The Bid will commence on February 9, 2016 and will terminate on the earlier of: (i) February 8, 2017, (ii) the date Sierra Wireless completes its purchases pursuant to the notice of intention filed with the TSX, or (iii) the date of notice by Sierra Wireless of termination of the Bid. The Company has not made any purchases of Common Shares pursuant to a normal course issuer bid within the previous 12 months.

Board and Board Committee Changes
The Board of Directors of the Company today appointed Kent Thexton as Chair of the Board of Directors to succeed Charles Levine who will continue to serve as an independent Director. “On behalf of all Board members, I would like to thank Charles for his dedicated leadership during his 10 years of service as Chair of the Board of Directors”, said Mr.

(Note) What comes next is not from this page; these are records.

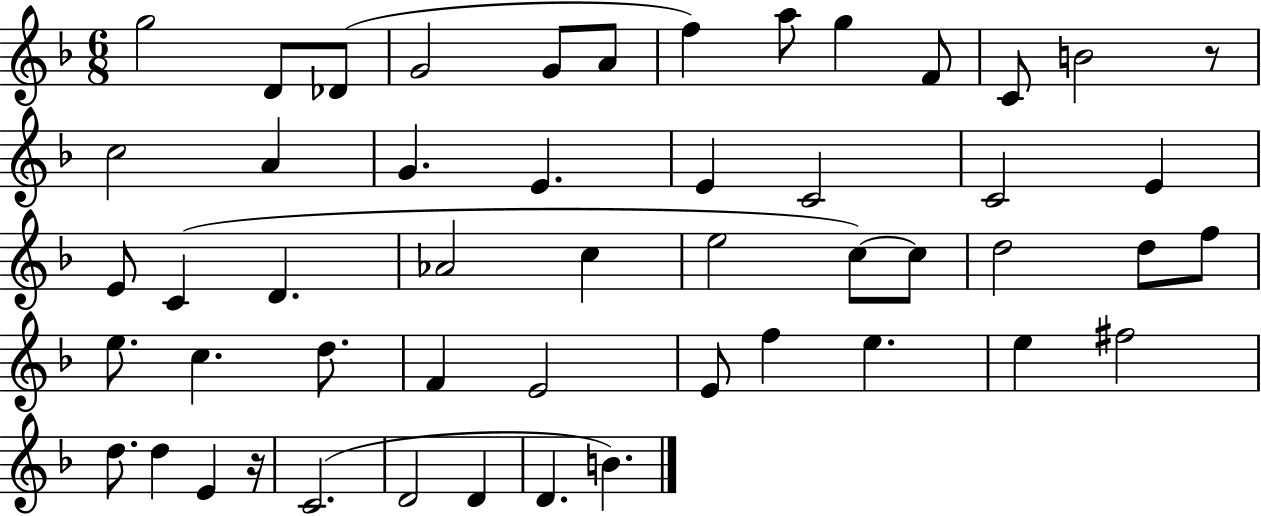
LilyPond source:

{
  \clef treble
  \numericTimeSignature
  \time 6/8
  \key f \major
  g''2 d'8 des'8( | g'2 g'8 a'8 | f''4) a''8 g''4 f'8 | c'8 b'2 r8 | \break c''2 a'4 | g'4. e'4. | e'4 c'2 | c'2 e'4 | \break e'8 c'4( d'4. | aes'2 c''4 | e''2 c''8~~) c''8 | d''2 d''8 f''8 | \break e''8. c''4. d''8. | f'4 e'2 | e'8 f''4 e''4. | e''4 fis''2 | \break d''8. d''4 e'4 r16 | c'2.( | d'2 d'4 | d'4. b'4.) | \break \bar "|."
}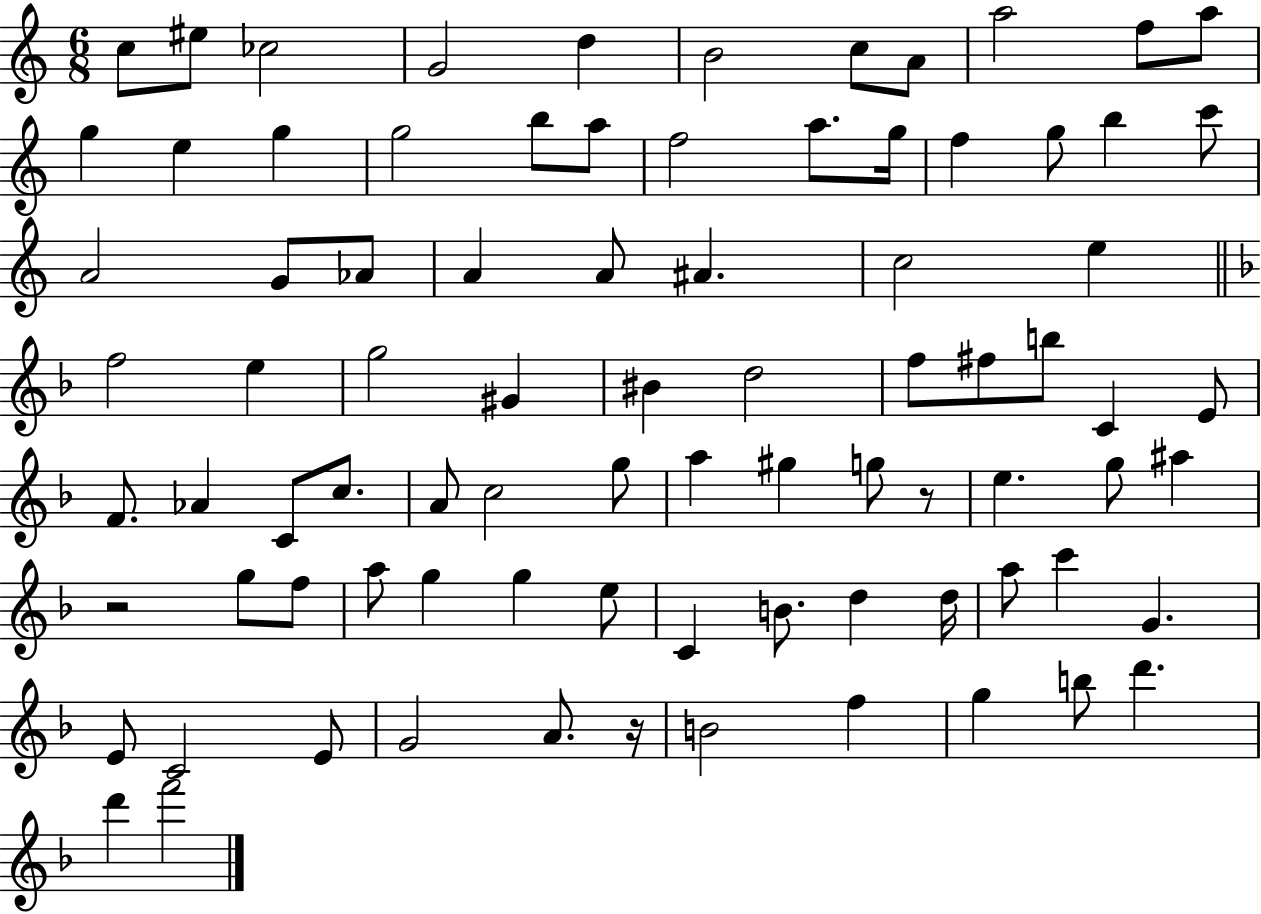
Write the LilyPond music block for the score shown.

{
  \clef treble
  \numericTimeSignature
  \time 6/8
  \key c \major
  c''8 eis''8 ces''2 | g'2 d''4 | b'2 c''8 a'8 | a''2 f''8 a''8 | \break g''4 e''4 g''4 | g''2 b''8 a''8 | f''2 a''8. g''16 | f''4 g''8 b''4 c'''8 | \break a'2 g'8 aes'8 | a'4 a'8 ais'4. | c''2 e''4 | \bar "||" \break \key f \major f''2 e''4 | g''2 gis'4 | bis'4 d''2 | f''8 fis''8 b''8 c'4 e'8 | \break f'8. aes'4 c'8 c''8. | a'8 c''2 g''8 | a''4 gis''4 g''8 r8 | e''4. g''8 ais''4 | \break r2 g''8 f''8 | a''8 g''4 g''4 e''8 | c'4 b'8. d''4 d''16 | a''8 c'''4 g'4. | \break e'8 c'2 e'8 | g'2 a'8. r16 | b'2 f''4 | g''4 b''8 d'''4. | \break d'''4 f'''2 | \bar "|."
}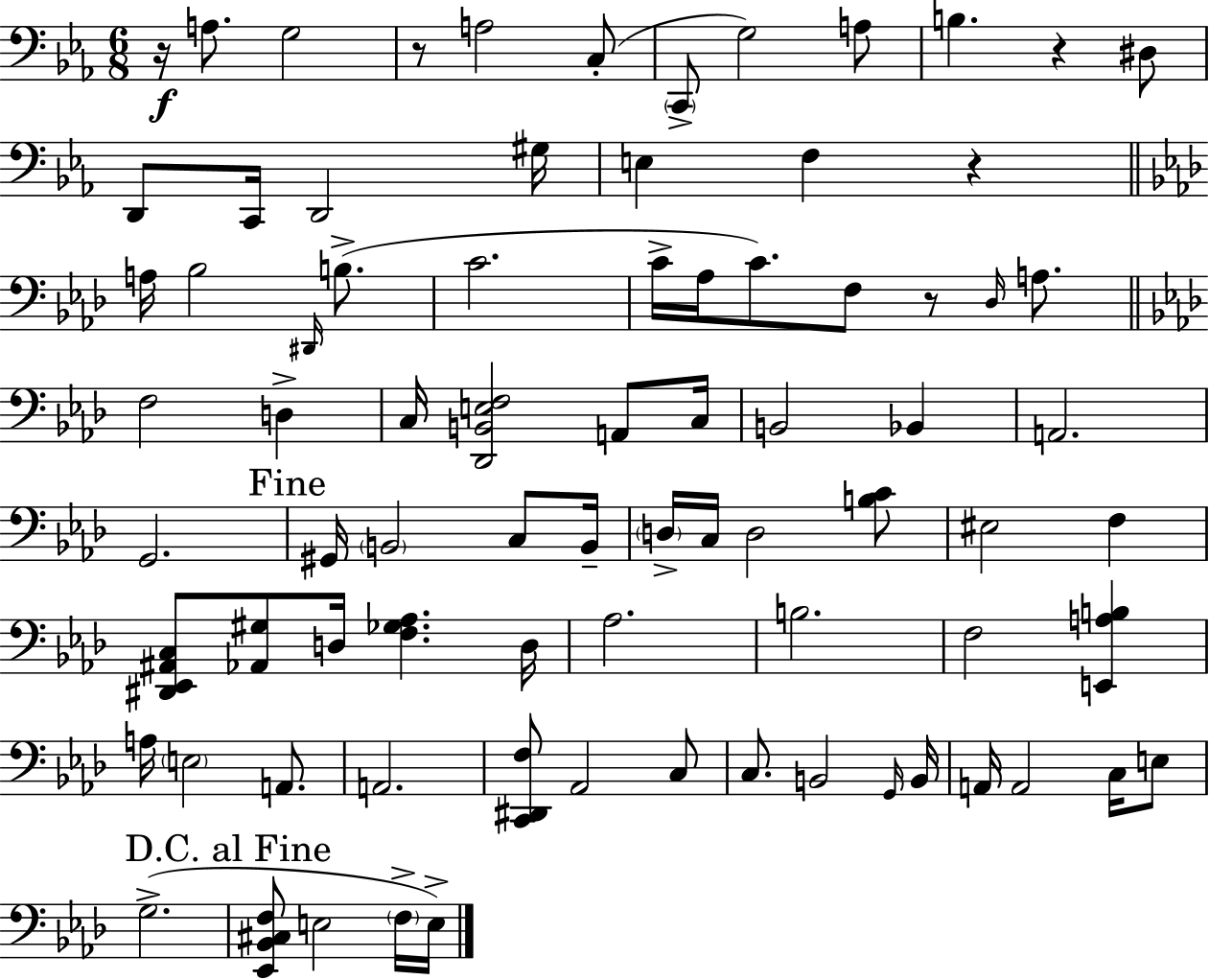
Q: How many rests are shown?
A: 5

Thexton. In conjunction with the appointment of Mr. Thexton as Board Chair and as part of an overall initiative to enhance Board effectiveness, the following Board Committee Chair appointments are being announced: Greg Aasen will become Chair of the Human Resources Committee succeeding Mr. Thexton; Robin Abrams will become Chair of the Governance and Nominating Committee succeeding Paul Cataford; and Mr. Cataford will become Chair of the Audit Committee succeeding Ms. Abrams.  Mr. Thexton’s appointment is effective February 5, 2016 with the committee chairs transitioning their roles as the various scheduled Board committee meetings occur during the month of February.

Conference call and webcast details
Sierra Wireless President and CEO, Jason Cohenour, and CFO, David McLennan, will host a conference call and webcast with analysts and investors to review the results on Thursday, February 4, 2016, at 5:30 PM Eastern Time (2:30 PM PT). A live slide presentation will be available for viewing during the call from the link provided below.
To participate in this conference call, please dial the following number approximately ten minutes prior to the start of the call:
Toll-free (Canada and US): 1-877-201-0168
Alternate number: 1-647-788-4901
Conference ID: 84399698

To access the webcast, please follow the link below:
Sierra Wireless Q4 2015 and YE 2015 Conference Call and Webcast
If the above link does not work, please copy and paste the following URL into your browser:
http://event.on24.com/r.htm?e=1099536&s=1&k=E5E8F72063A04F72897736AA111C02E5
The webcast will remain available at the above link for one year following the call.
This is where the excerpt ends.